Kapitel 1 (69-118) zu "Kirchenpolitische Entwicklungen von dem Ende des Konzils von Chalkedon (451) bis zum Anfang des Aufstandes von Vitalian (513)" ist ein nach 2005 entstandenes Kapitel, das die historischen Hintergründe und Entwicklungen beleuchtet, die zur chalkedonischen Wende im Jahre 518 führten. Kapitel 2 "Die Vorbereitung der prochalkedonischen Wende" (119-148) beginnt mit dem Aufstand Vitalians, der Bildung einer prochalkedonischen Gruppe am kaiserlichen Hof und kirchenpolitischen Analysen zu den wichtigsten Akteuren. Die Nachfolge des Anastasius und die Versöhnung mit Rom werden kurz abgehandelt bevor Grazianskij eine Periodisierung der Religionspolitik Justinians vorschlägt, obwohl er diese Politik ansonsten noch gar nicht vorgestellt hat. Eine Einarbeitung der Anastasius-Büchern von Fiona Haarer (2006) und Mischa Meier (2009) wie auch weiterer neuerer Literatur unterbleibt.

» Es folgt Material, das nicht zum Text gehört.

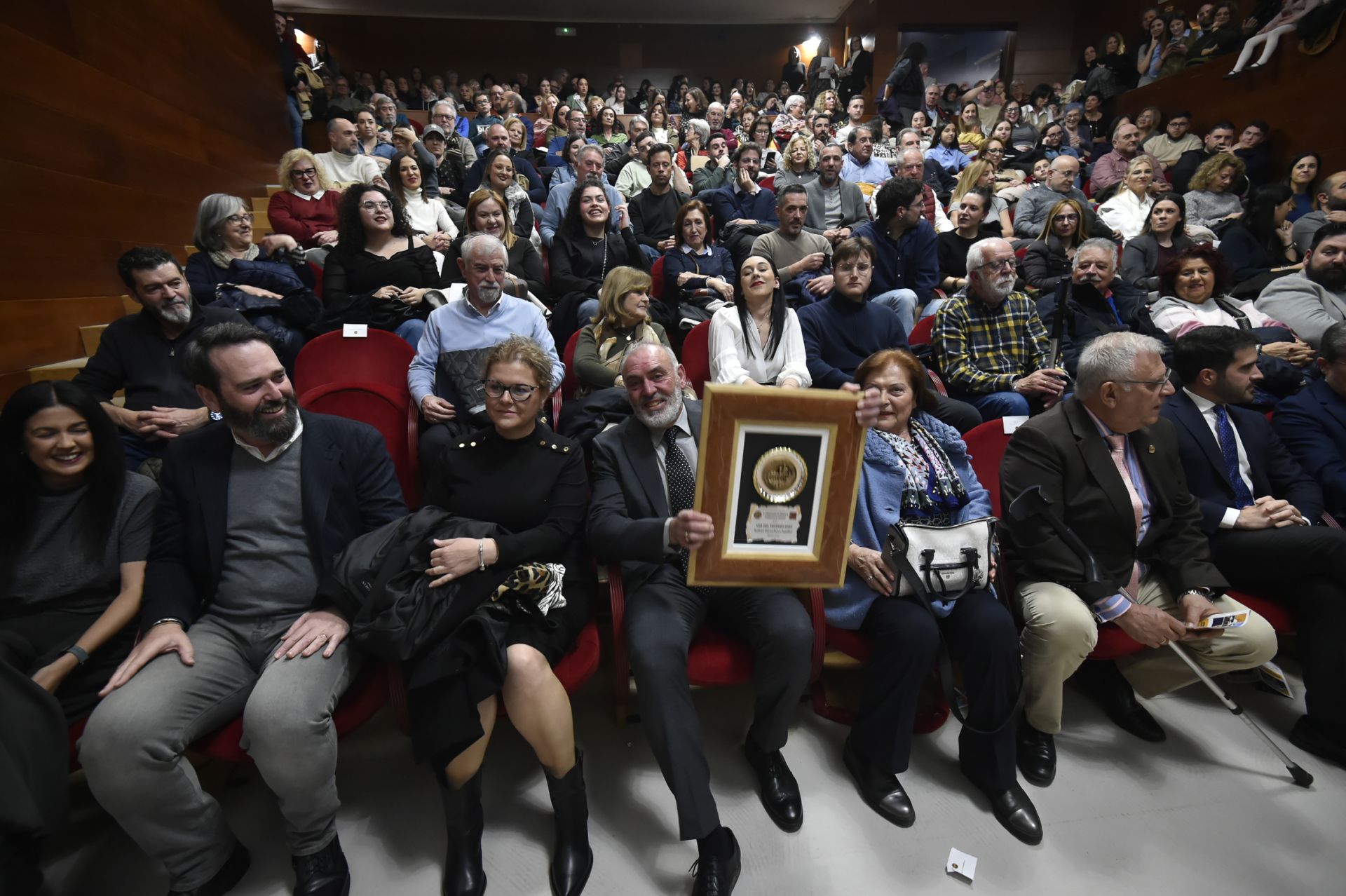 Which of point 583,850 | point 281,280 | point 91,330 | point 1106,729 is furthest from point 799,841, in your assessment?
point 91,330

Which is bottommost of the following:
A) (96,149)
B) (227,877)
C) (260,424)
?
(227,877)

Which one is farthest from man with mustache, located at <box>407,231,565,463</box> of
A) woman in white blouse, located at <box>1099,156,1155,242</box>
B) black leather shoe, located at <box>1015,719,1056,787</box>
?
woman in white blouse, located at <box>1099,156,1155,242</box>

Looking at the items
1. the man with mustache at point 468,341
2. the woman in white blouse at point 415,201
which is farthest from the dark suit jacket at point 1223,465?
the woman in white blouse at point 415,201

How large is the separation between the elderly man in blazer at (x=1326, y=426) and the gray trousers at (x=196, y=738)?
322cm

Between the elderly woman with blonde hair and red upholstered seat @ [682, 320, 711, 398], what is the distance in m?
0.22

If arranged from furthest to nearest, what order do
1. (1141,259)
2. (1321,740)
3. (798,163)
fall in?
(798,163)
(1141,259)
(1321,740)

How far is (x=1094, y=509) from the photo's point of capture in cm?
176

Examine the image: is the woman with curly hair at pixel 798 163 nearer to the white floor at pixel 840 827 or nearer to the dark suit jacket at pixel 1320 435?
the dark suit jacket at pixel 1320 435

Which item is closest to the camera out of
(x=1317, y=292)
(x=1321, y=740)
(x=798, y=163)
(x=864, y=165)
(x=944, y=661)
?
(x=944, y=661)

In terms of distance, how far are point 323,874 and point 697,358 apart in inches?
90.1

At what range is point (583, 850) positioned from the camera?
4.78 feet

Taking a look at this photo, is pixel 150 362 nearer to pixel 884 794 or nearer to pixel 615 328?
pixel 615 328

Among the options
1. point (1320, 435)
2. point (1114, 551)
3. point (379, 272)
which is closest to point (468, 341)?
point (379, 272)

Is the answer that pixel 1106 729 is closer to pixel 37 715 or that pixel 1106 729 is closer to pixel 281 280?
pixel 37 715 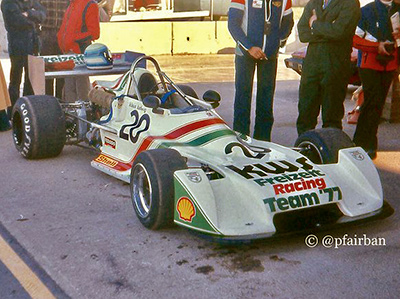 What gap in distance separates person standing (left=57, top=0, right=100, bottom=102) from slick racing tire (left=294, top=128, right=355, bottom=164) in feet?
14.4

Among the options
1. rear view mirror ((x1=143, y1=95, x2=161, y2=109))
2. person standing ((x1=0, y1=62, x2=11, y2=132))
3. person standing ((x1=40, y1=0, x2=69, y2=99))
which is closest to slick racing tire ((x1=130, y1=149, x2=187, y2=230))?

In Kapitel 3 "Die Rolle Theodoras in der Religionspolitik Justinians" (149-168) setzt sich Grazianskij kritisch mit den Quellen auseinander und legt überzeugend die "Zweideutigkeit der Stellung Theodoras" für die kaiserliche Religionspolitik dar (166). Allerdings irritiert auch hier, dass Grazianskij einleitend (149-154) einen veralteten Forschungsstand präsentiert, z.B. Diehl (1901) und Rubin (1960) ausführlich zitiert und seinen Forschungsüberblick mit Bridges Theodora-Buch (1978/dt. Übersetzung 1980) beendet. Der Überblick wird dem neueren Forschungsstand zu Theodora in keiner Weise gerecht, aber selbst die Forschung des ausgehenden 20. Jahrhunderts wird nicht adäquat wiedergegeben, da neben Aufsätzen von Clive Foss und Charles Pazdernik z.B. auch ein so kluges Theodora-Buch wie das von Hans-Georg Beck von 1986 fehlt.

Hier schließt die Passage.